After hearing a presentation by state Lottery Director Bishop Woosley on monitor games — a subject the Lottery Commission is expected to consider Wednesday — the oversight committee took the unusual step of approving a “motion of non-support” by Sen. Jimmy Hickey, R-Texarkana.
The motion passed in a voice vote in which some “no” votes were heard.
Woosley told the board he believes the 2009 state law that established the lottery, after voters approved a constitutional amendment to allow a lottery in 2008, allows the addition of monitor games. He cited a 2013 advisory opinion by Attorney General Dustin McDaniel that said no state law appeared to prohibit monitor games.
He said that if the games are added, players would buy tickets and then have the option of watching on a monitor to see the results of a drawing. Drawings for monitor games typically are held every four minutes, he said.
Keno and Quick Draw are the most played monitor lottery games, Woosley said. He said the Lottery Commission will consider launching a Bingo game.

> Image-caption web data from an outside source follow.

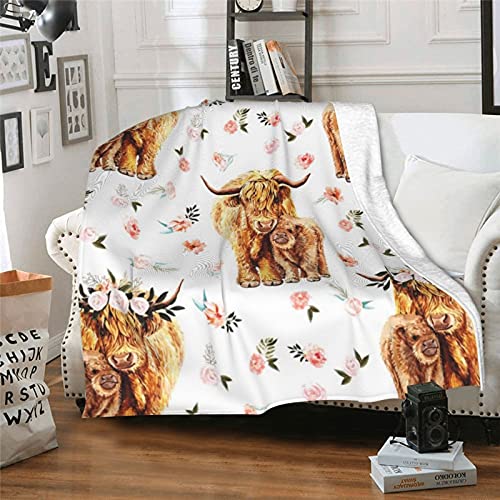 LIANGMING Spring Pink Floral Scottish Highland Cow Blanket Smooth Soft Print Throw Blanket for Sofa Chair Bed Office 60x50, White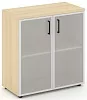 Офисный шкаф низкий широкий (2 низких фасада стекло сатин в раме, задняя стенка ЛДСП)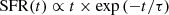 $$ \begin{aligned} \mathrm{SFR}(t) \propto t \times \exp {(-t/\tau )} \end{aligned} $$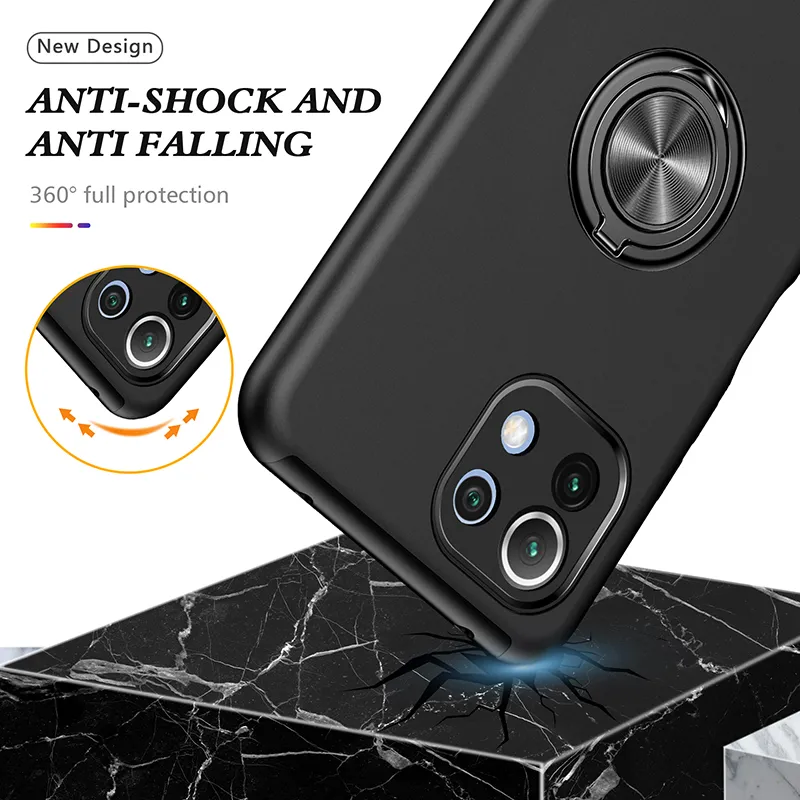 Schokbestendige Armor Cases voor Xiaomi MI 11 Lite 5G Metalen Ring Houder Back Bescherming Cover voor MI 11 Pro Cola Fundas Housing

Woosley said there has been a lot of misinformation about monitor games, with some erroneously claiming the monitors would be interactive.
“As most of you know, in Arkansas we’re prohibited from having any type of interactive monitor, any type of machine that will, based on you touching it, spit out a lottery ticket in any form or fashion,” he said.
Several members of the committee voiced reservations about the idea.
“I don’t know if that’s what people were thinking of when they voted for a lottery,” said Sen. Robert Thompson, D-Paragould, the committee’s chairman.
Sen. Missy Irvin, R-Mountain View, said she was concerned that allowing players to play every four minutes would encourage “addictive behavior,” much like slot machines in casinos.
Jerry Cox, president of the Christian conservative Family Council, told the panel that monitor games might not have interactive monitors to begin with, but it would only be a matter of time until someone proposed making them interactive. He also said he could imagine a retailer installing multiple monitors and creating “a little casino.”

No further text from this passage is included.